:: TO DO ::
What number of lines in the records below hold the word "only"? Give that number alone.

[DATA TO EXAMINE — start]

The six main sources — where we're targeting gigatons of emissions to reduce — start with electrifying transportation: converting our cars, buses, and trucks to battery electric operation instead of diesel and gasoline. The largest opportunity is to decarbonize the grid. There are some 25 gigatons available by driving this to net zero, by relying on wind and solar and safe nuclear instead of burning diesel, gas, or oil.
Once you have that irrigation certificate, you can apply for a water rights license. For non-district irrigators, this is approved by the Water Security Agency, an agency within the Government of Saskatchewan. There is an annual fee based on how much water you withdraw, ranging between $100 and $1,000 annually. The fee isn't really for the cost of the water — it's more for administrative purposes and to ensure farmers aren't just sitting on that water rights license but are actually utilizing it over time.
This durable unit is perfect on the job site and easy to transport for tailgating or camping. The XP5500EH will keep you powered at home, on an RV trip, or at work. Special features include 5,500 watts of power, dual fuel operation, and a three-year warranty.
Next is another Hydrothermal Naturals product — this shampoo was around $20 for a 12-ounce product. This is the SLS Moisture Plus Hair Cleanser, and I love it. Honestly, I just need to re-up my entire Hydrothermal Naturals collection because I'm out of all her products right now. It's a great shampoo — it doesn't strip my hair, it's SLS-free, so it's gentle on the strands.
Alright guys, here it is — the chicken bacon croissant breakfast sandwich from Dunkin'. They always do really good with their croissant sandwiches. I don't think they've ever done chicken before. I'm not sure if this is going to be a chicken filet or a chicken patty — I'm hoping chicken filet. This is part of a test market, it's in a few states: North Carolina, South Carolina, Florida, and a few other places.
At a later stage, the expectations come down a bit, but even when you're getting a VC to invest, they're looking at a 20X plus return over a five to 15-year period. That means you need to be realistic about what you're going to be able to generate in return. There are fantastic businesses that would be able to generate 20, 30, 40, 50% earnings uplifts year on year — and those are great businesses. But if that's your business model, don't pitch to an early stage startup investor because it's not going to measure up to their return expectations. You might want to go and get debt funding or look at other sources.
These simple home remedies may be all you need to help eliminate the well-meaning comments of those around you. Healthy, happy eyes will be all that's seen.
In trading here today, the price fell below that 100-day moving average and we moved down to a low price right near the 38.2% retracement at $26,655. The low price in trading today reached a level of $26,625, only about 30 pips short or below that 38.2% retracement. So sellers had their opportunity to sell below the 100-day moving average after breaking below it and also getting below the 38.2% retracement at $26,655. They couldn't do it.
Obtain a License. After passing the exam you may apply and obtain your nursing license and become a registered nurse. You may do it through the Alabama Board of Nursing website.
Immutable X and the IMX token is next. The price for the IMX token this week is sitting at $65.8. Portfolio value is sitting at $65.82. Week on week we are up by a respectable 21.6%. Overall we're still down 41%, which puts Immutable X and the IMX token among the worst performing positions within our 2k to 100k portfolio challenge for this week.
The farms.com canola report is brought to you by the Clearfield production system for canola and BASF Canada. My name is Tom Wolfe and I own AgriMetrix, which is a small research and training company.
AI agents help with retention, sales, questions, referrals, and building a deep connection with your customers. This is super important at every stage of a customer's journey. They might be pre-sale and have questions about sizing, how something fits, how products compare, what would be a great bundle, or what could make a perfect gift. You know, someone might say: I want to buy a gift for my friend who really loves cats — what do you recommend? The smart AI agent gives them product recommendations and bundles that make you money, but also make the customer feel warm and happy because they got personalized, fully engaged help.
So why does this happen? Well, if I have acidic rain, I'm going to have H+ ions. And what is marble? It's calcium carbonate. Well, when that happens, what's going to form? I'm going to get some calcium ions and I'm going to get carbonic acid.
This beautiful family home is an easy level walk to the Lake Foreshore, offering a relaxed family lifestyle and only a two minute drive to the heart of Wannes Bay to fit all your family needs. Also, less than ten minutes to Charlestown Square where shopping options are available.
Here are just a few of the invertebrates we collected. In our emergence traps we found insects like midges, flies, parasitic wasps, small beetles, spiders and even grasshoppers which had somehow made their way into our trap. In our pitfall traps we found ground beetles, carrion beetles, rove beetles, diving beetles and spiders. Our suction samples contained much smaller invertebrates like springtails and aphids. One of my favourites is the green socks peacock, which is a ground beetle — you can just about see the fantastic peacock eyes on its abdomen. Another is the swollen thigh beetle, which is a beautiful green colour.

[DATA TO EXAMINE — finish]

:: FINAL ANSWER ::
2